>>>

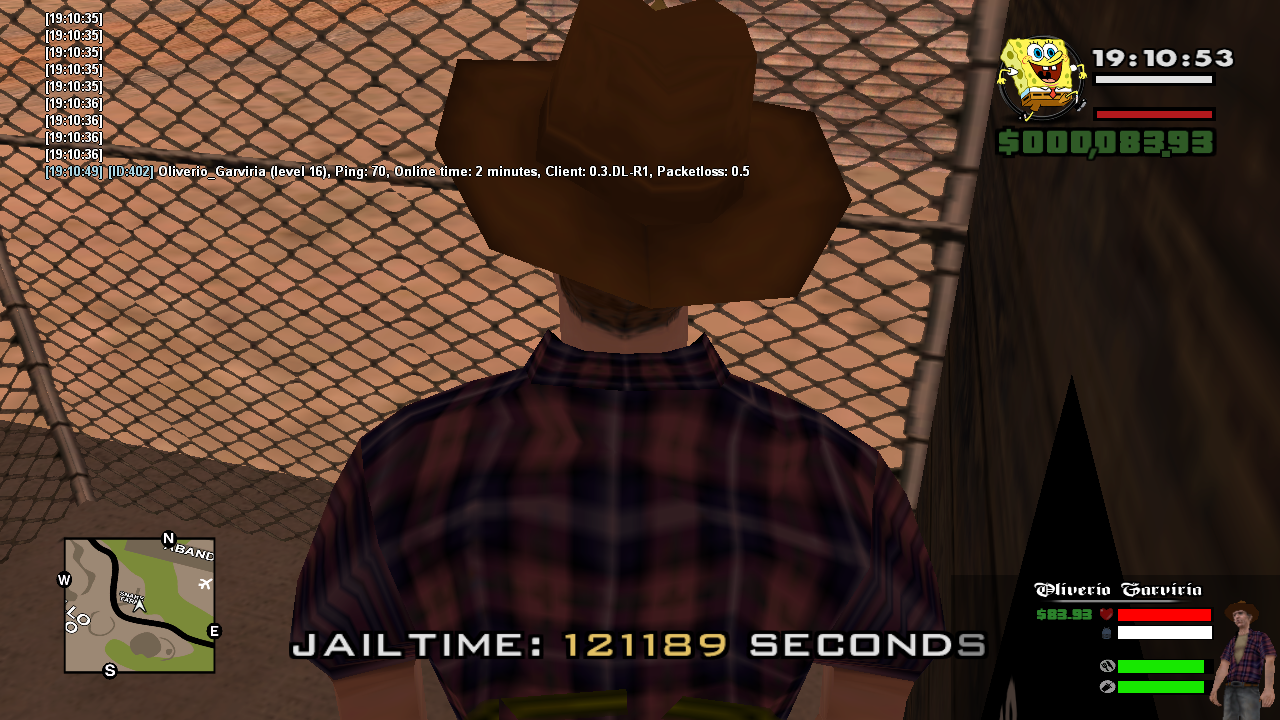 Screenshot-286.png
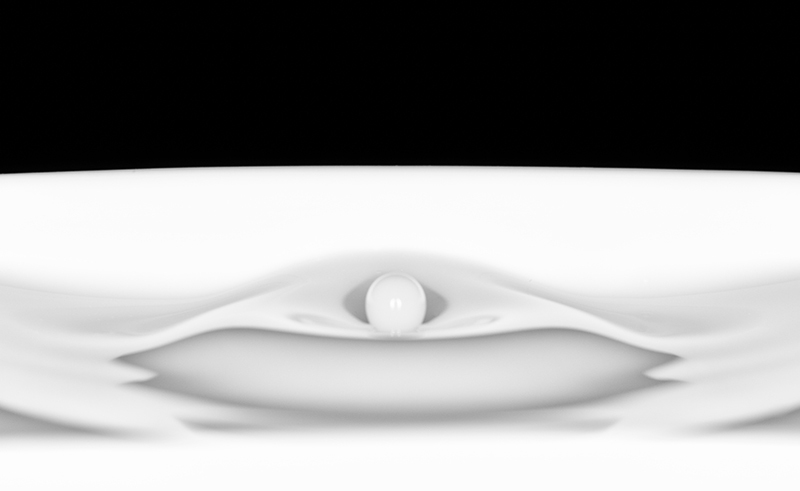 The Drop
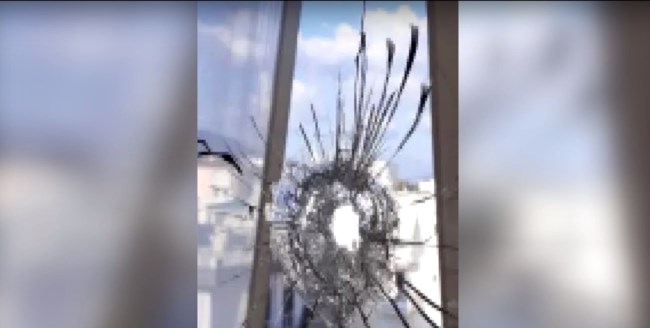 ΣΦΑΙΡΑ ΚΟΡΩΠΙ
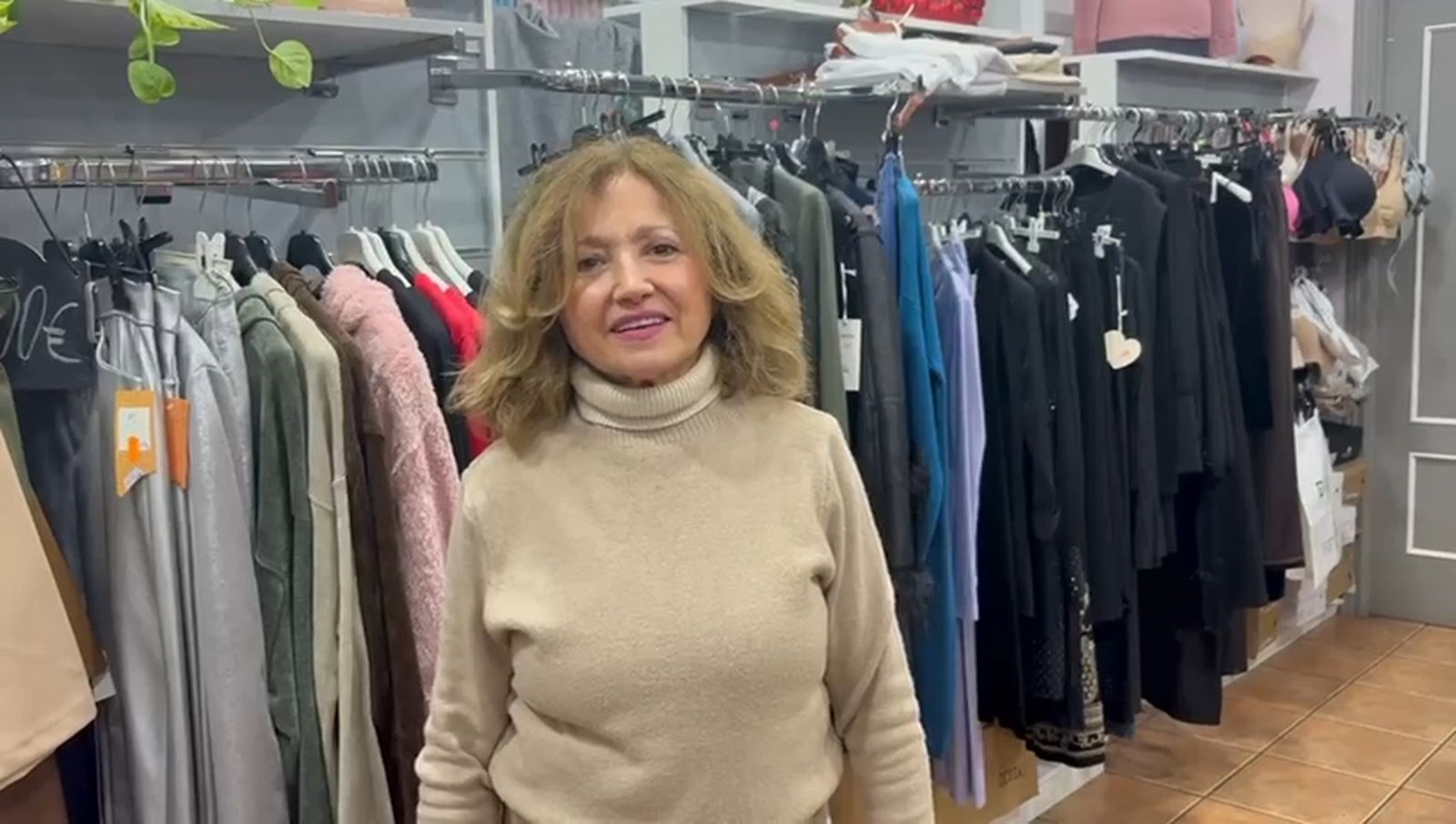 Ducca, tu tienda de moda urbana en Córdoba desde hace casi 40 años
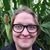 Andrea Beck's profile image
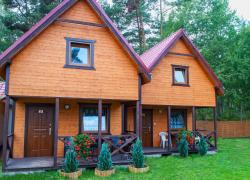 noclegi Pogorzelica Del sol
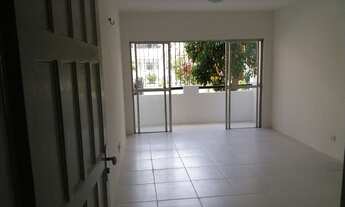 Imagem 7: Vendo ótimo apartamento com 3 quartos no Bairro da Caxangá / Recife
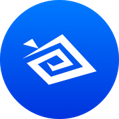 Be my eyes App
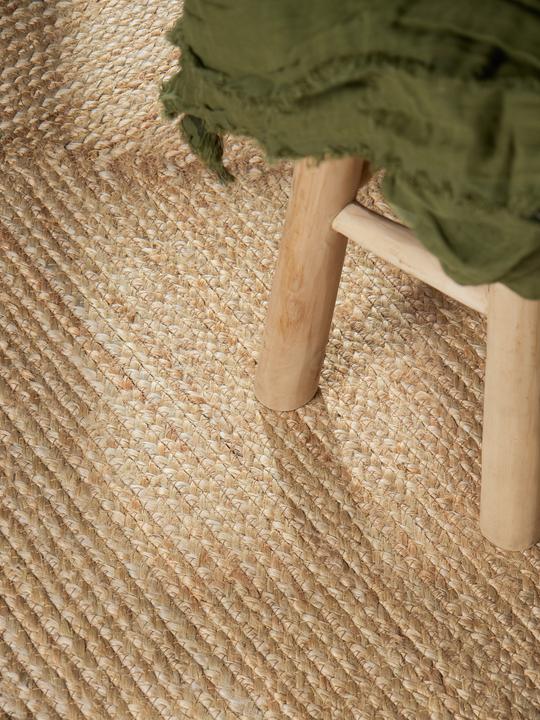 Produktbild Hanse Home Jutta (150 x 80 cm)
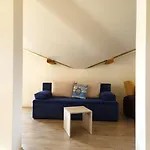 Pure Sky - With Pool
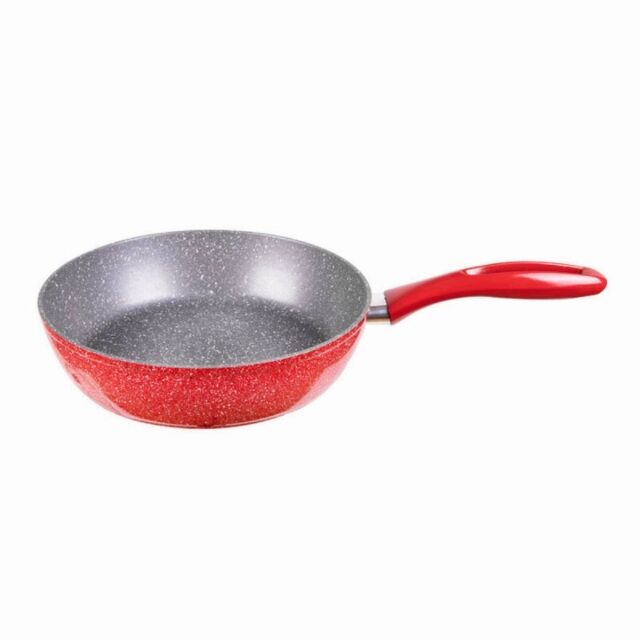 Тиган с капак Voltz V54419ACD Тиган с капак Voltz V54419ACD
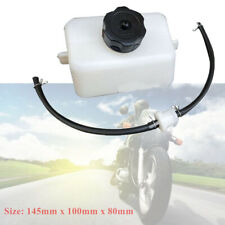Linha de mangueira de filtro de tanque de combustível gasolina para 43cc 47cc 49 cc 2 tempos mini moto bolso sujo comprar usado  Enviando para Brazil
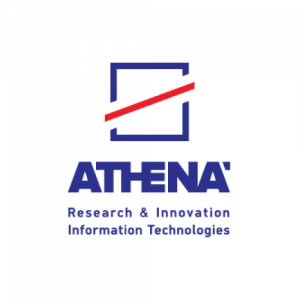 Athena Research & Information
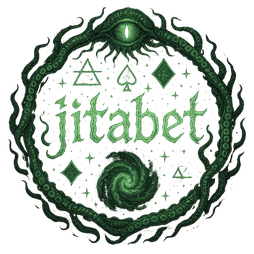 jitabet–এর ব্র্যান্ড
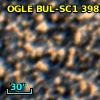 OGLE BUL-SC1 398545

<<<

→ **Assignment**: Reproduce the data above exactly, but only from the line containing "Ducca, tu tienda" through the line containing "Linha de mangueira"; skip the pictures.

→ **Result of the task**:
 Ducca, tu tienda de moda urbana en Córdoba desde hace casi 40 años
 Andrea Beck's profile image
 noclegi Pogorzelica Del sol
 Imagem 7: Vendo ótimo apartamento com 3 quartos no Bairro da Caxangá / Recife
 Be my eyes App
 Produktbild Hanse Home Jutta (150 x 80 cm)
 Pure Sky - With Pool
 Тиган с капак Voltz V54419ACD Тиган с капак Voltz V54419ACD
Linha de mangueira de filtro de tanque de combustível gasolina para 43cc 47cc 49 cc 2 tempos mini moto bolso sujo comprar usado  Enviando para Brazil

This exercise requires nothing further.